Harry chuckled, while Hermione just shook her head.

"But for anyone's name to be magically obliterated... Quite frankly, I was not aware that such an action was even possible. The Hogwarts roster is supposed - was DESIGNED - to be definitive. Absolute." Snape's glare looked rather sickly when shaded with green flames.

"And there's no way to actually restore the destroyed entry?" Harry frowned. Muggle raised, he still marveled at magic after all the years he'd used it, and he still found it hard to believe that there couldn't be a magical solution to nearly every problem in the Wizarding world.

Snape shook his head. "Not that we've been able to discover. Yet. A reversal of magic of this magnitude requires more than a simple Finite, you must realize."

Actually, Harry felt a bit embarrassed to realize that he'd been thinking along the lines of a simple Finite.

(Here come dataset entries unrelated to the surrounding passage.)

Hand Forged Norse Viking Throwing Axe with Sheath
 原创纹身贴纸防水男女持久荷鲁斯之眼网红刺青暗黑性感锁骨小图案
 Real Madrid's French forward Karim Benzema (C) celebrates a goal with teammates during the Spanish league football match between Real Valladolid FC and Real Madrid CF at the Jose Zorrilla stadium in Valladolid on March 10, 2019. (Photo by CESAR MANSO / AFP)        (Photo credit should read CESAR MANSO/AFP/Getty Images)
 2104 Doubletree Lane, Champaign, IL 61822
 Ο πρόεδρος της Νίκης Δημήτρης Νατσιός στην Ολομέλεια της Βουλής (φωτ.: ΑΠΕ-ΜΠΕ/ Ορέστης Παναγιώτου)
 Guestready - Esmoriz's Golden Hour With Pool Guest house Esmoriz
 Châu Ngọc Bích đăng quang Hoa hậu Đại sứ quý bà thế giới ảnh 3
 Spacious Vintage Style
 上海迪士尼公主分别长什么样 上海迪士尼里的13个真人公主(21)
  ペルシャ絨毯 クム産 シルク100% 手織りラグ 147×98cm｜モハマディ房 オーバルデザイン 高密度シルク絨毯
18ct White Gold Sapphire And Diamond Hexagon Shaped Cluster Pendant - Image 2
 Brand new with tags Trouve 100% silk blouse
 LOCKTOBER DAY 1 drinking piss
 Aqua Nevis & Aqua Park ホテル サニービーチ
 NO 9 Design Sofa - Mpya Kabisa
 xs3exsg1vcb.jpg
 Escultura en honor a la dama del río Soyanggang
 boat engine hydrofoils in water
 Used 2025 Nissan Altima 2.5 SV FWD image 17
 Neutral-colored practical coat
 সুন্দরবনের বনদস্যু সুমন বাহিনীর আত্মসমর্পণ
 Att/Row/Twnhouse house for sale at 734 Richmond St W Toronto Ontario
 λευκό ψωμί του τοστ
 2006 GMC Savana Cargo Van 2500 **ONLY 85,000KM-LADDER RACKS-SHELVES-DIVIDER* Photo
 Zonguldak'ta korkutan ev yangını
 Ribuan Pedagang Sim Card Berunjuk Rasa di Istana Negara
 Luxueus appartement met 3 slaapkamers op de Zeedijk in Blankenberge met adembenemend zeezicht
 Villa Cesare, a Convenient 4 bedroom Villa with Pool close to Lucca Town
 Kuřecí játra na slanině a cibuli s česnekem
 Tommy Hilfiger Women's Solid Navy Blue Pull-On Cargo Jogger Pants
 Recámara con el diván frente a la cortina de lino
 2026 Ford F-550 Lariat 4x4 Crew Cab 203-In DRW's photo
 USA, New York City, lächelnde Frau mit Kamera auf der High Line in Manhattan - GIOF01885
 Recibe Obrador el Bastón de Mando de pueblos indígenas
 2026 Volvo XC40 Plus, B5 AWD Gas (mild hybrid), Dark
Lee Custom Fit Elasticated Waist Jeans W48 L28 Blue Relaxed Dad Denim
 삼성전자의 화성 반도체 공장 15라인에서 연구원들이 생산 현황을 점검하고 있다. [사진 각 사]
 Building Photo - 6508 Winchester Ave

"What about the other Heads of School?" Hermione wondered. "Have you or Professor Flitwick consulted their portraits? The ones who also had erasures, that is?"

Despite years of retirement, Severus Snape had never lost his ability to sneer, and he did so now with undisguised contempt. "The Heads in question unexpectedly took leave of their own frames."

"What!" All four Gryffindors leaned toward the fireplace, as if they weren't certain they'd heard Snape correctly. Ginny even walked over from the kitchen so as not to miss a word.

"I've no doubt they've all gone off to consort with Dumbledore SOMEWHRE in the castle walls." For a long moment, Snape looked completely at a loss. Then he added, "They're probably trying to come up with some sort of strategy to explain their actions, something which will allow them to come off smelling like roses..."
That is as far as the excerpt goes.